(Extracted data entries)

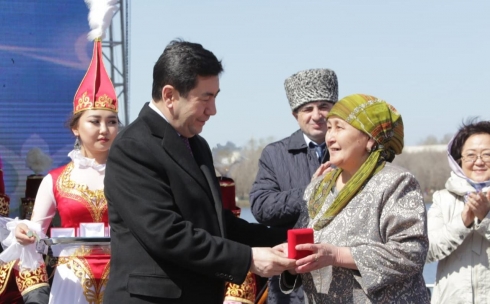 В День единства народа Казахстана в Карагандинской области многодетные семьи получили ключи от квартир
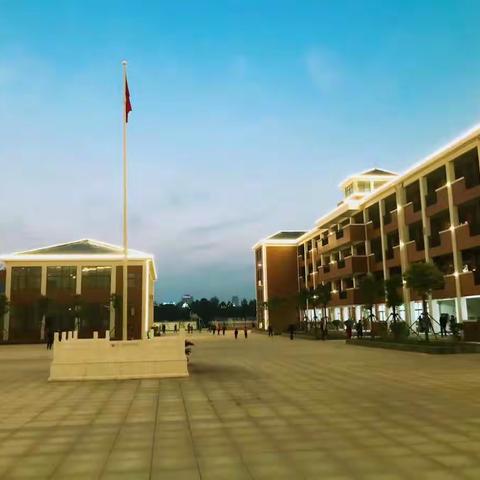 家校合力，静待花开——新东街小学2017级第二次家长学校开课了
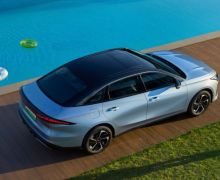 Geely Memperkenalkan Sedan PHEV Terbaru - JPNN.com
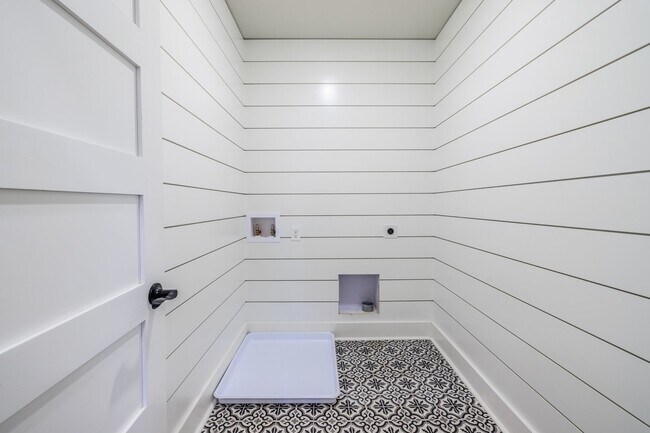 Building Photo - **COMING SOON!  FULLY Renovated Buchanan D...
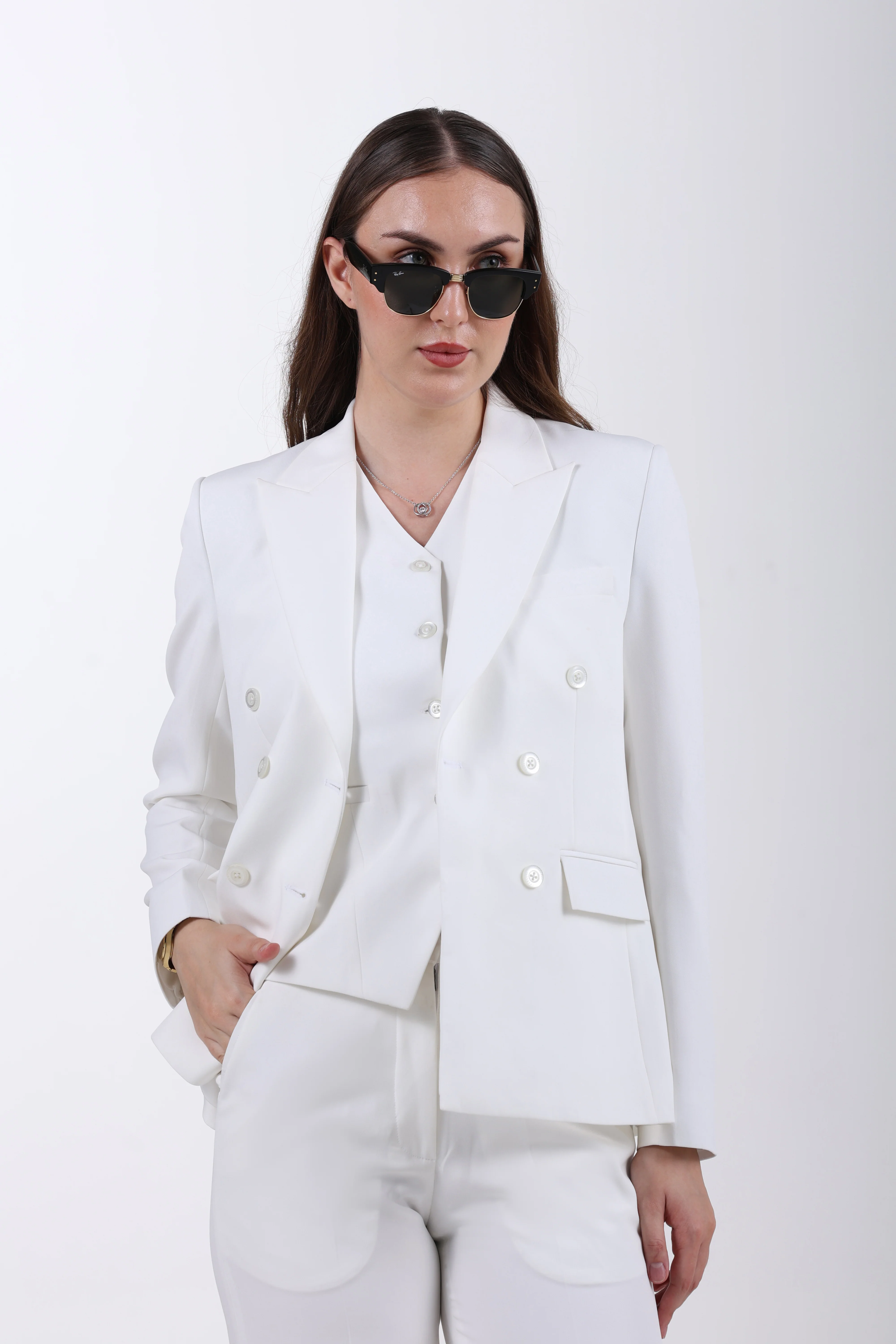 The Limitless Command 3-Piece Double-Breasted Suit Set – White - Image 8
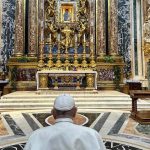 Papa Francisco doara Rosa de Ouro para a Salus Populi Romani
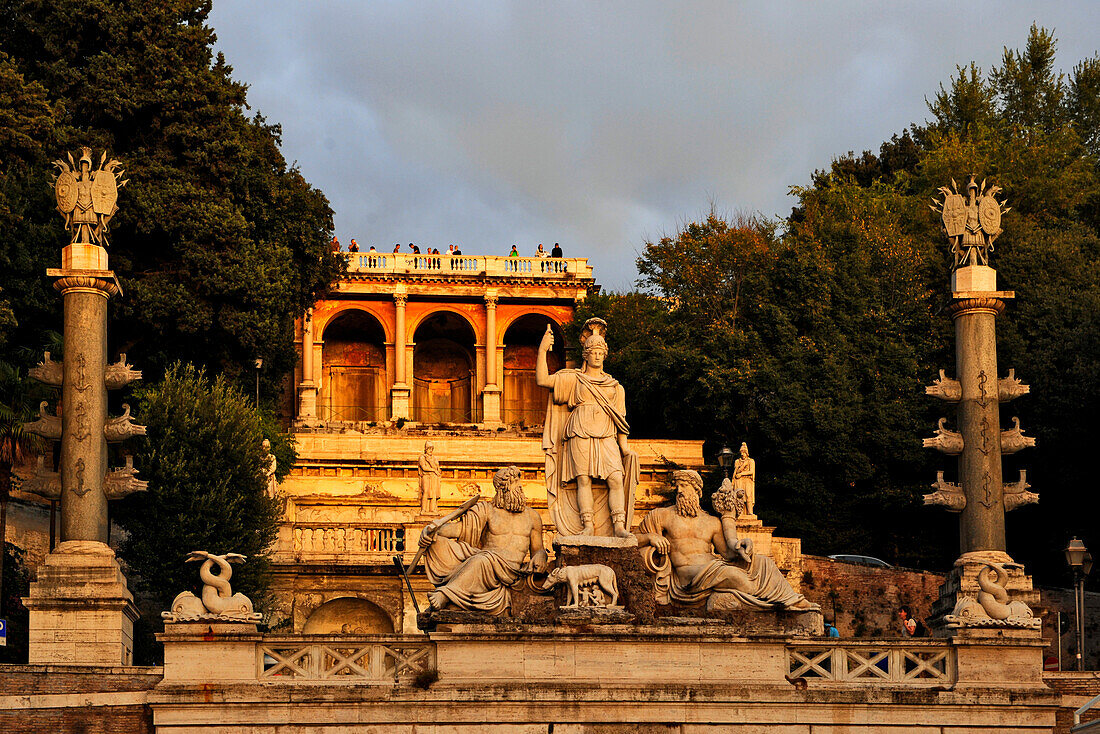 Piazza del Popolo mit Skulptur, Rom, Latium, Italien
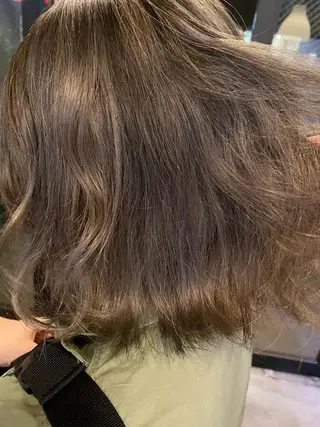 ミディアム カラー ヘアアレンジ satsuki 暖色・ブラウンカラーのヘアスタイル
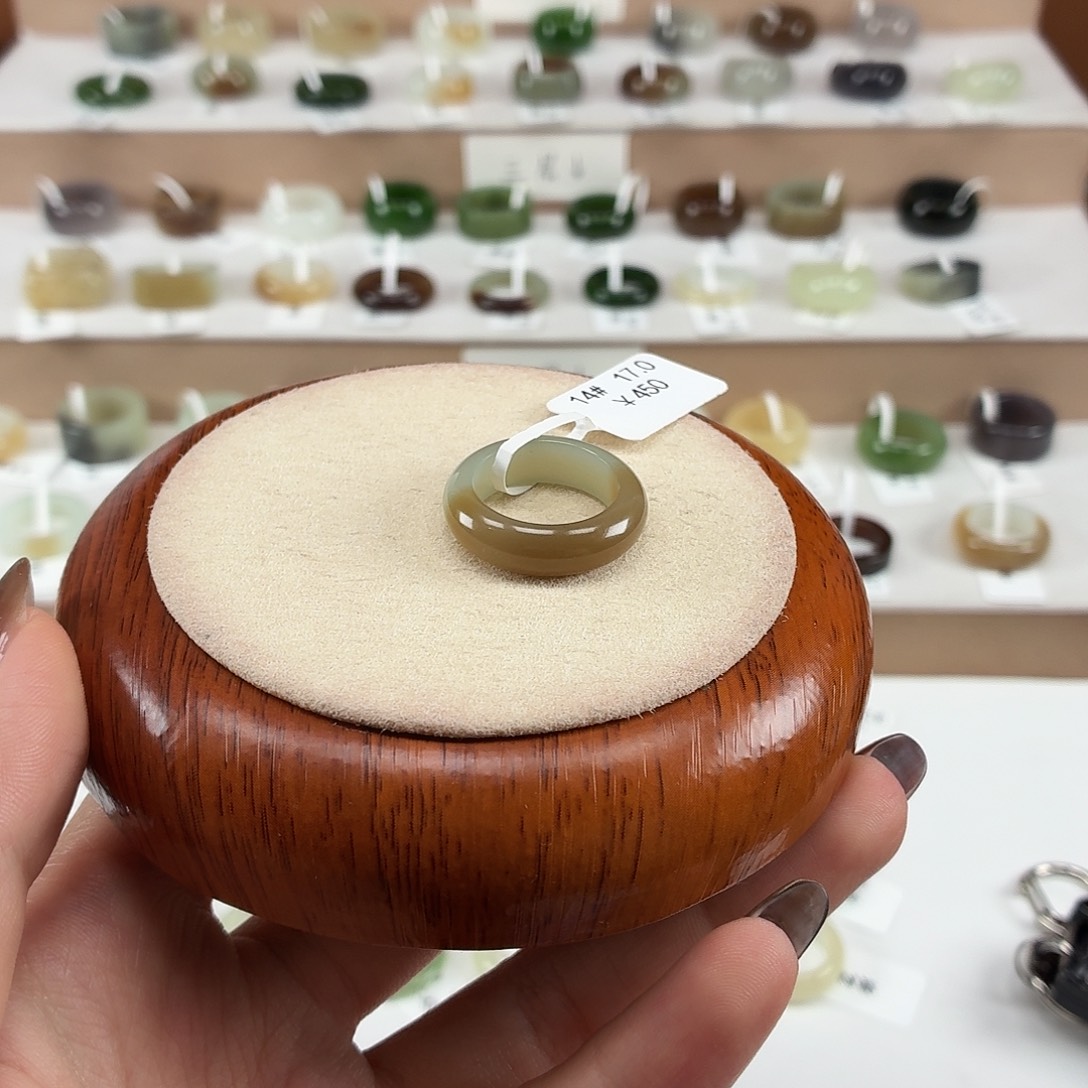 二***万和田玉未镶嵌戒指内径17.1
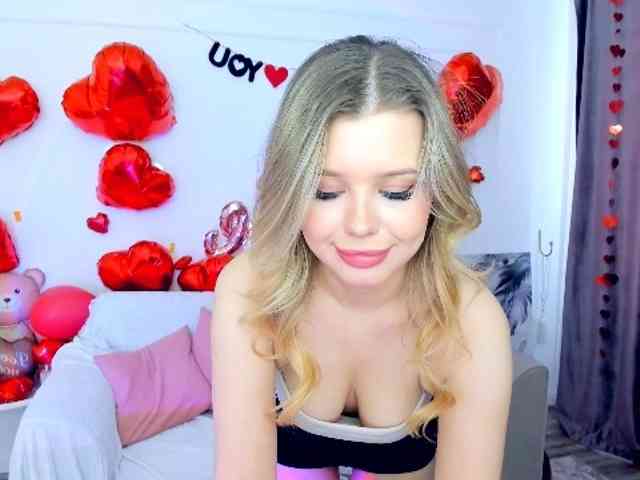 GlamorousGirl webcam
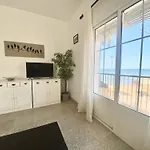 Apartamento entero 6 camas a Pie de Playa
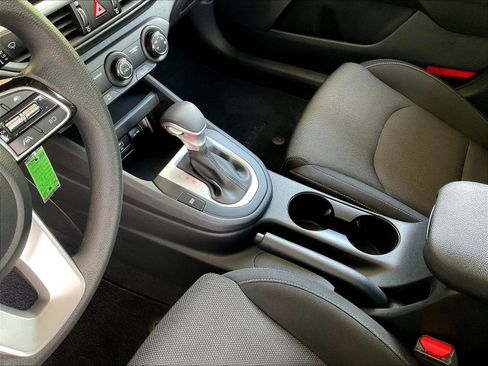 Used 2023 Kia Forte LXS w/ LXS Technology Package FWD image 16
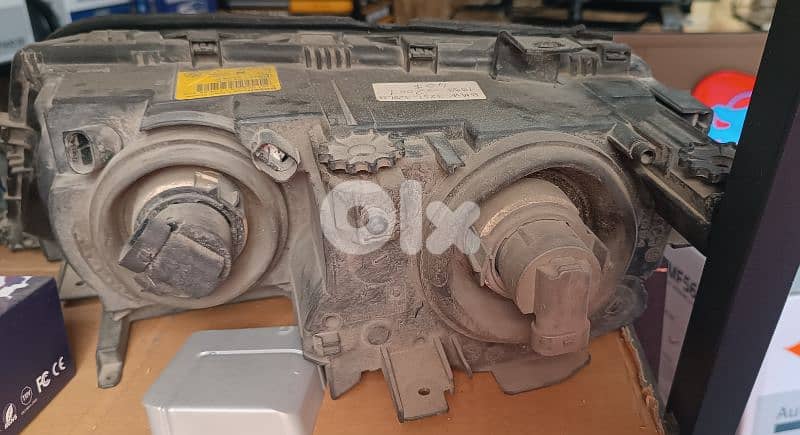 Bmw 325i-328i-330 front lights both for 80$ original 1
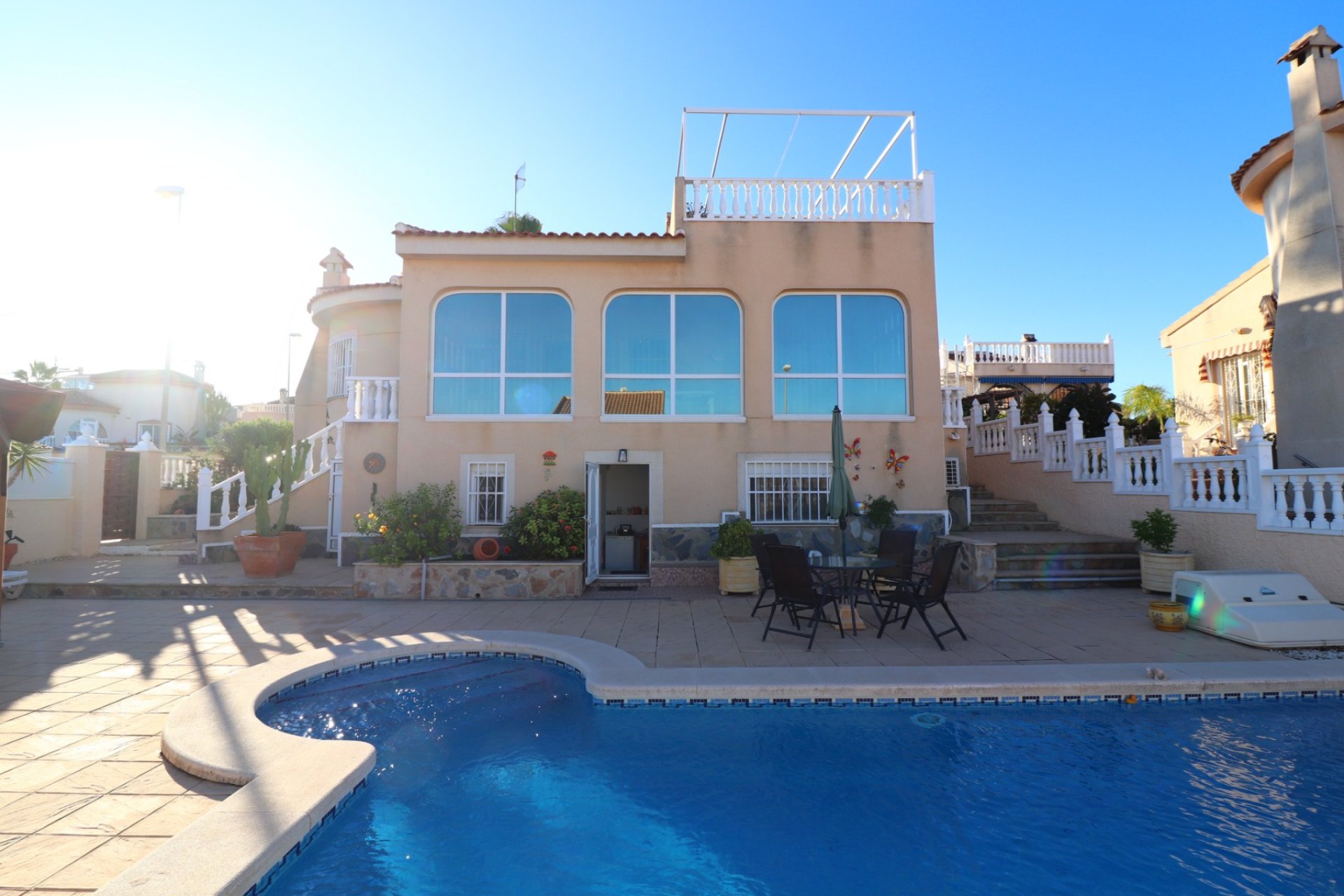 Resale - Villa -
Benimar - Benimar II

Your instructions: Although the records hold pictures, return only what remains, word for word.

Exercise output:
 В День единства народа Казахстана в Карагандинской области многодетные семьи получили ключи от квартир
 家校合力，静待花开——新东街小学2017级第二次家长学校开课了
 Geely Memperkenalkan Sedan PHEV Terbaru - JPNN.com
 Building Photo - **COMING SOON!  FULLY Renovated Buchanan D...
 The Limitless Command 3-Piece Double-Breasted Suit Set – White - Image 8
 Papa Francisco doara Rosa de Ouro para a Salus Populi Romani
 Piazza del Popolo mit Skulptur, Rom, Latium, Italien
 ミディアム カラー ヘアアレンジ satsuki 暖色・ブラウンカラーのヘアスタイル
 二***万和田玉未镶嵌戒指内径17.1
 GlamorousGirl webcam
 Apartamento entero 6 camas a Pie de Playa
 Used 2023 Kia Forte LXS w/ LXS Technology Package FWD image 16
 Bmw 325i-328i-330 front lights both for 80$ original 1
 Resale - Villa -
Benimar - Benimar II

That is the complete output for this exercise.